## DIRECTIONS
Begin the reply with the line containing "220 Seaview Court" and end it with the final line of the listing, reproducing every line between exactly and adding nothing.

SUPPLIED MATERIAL Start Marker

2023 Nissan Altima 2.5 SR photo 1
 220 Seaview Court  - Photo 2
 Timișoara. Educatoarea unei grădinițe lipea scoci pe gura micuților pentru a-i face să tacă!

SUPPLIED MATERIAL End Marker

## SOLUTION
 220 Seaview Court  - Photo 2
 Timișoara. Educatoarea unei grădinițe lipea scoci pe gura micuților pentru a-i face să tacă!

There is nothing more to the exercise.